The “Sustainable Development and Resilience of UK Coastal Communities” project will first focus on a range of locations across Devon and Cornwall before applying the practices across the rest of the UK.
University bosses say the project aims to “build the marine economy while protecting ecosystems and communities”.
With a focus on local maritime communities, the university is working in partnership with Devon Maritime Forum and Cornwall Rural Community Charity in the attempt to revitalise areas that face the challenges of the climate emergency, Covid-19 and Brexit.
Dr Louisa Evans, who will lead the project, said: “Marine resources and coastal heritage are some of the country’s greatest assets.
“I am over the moon to have this opportunity to help coastal communities and marine ecosystems thrive now and in the future.

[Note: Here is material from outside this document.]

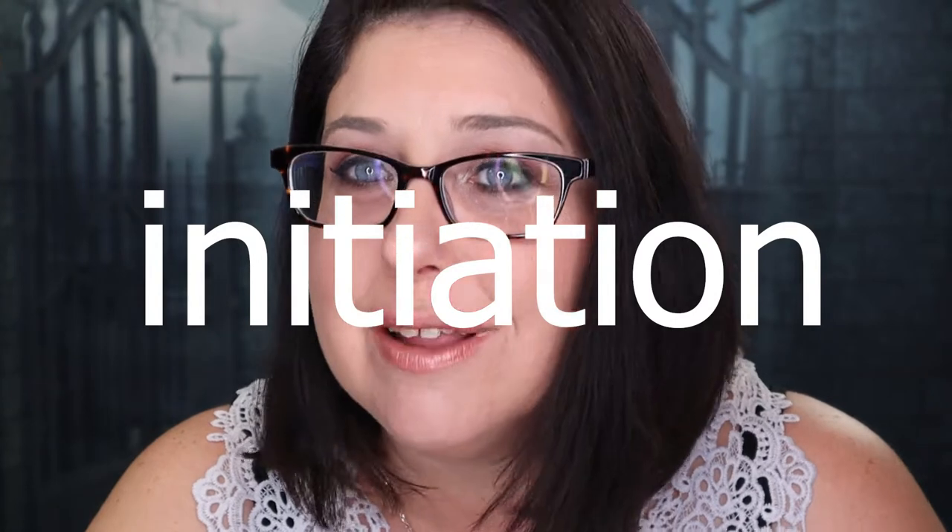I think I've remade this intro like ten times because I couldn't say 'initiation.' Initiation, Liz.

“Our programme will identify how people and livelihoods can be more resilient to environmental and social change, while also improving the well-being of coastal communities and the health of the marine environment.
“We will deliver these benefits across different projects and policies, ranging from sustainable seafood and marine apprenticeship schemes to coastal heritage decision-making and marine conservation policy.”

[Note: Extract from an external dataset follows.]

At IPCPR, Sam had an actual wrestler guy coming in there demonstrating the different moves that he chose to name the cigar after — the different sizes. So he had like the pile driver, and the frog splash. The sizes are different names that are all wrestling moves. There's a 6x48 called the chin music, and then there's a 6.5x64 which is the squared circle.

Steven Guilbert of the Devon Maritime Forum added: “This project will allow us to focus on key areas of interest, namely: blue growth, marine conservation, and climate and coastal change.
“This, in turn can lead to more effective and sustainable outcomes for the marine environment in Devon and the wider South West peninsula.”
The project has been announced soon after England’s chief medical officer Chris Whitty highlighted the difficulties many coastal towns, including Torbay, face in his annual report last week.
He said: “Coastal areas are some of the most beautiful, vibrant and historic places in the country but they also have some of the worst health outcomes with low life expectancy and high rates of many major diseases.
“These communities have often been overlooked by governments and if we do not tackle these issues vigorously, they will get worse as the current population ages.”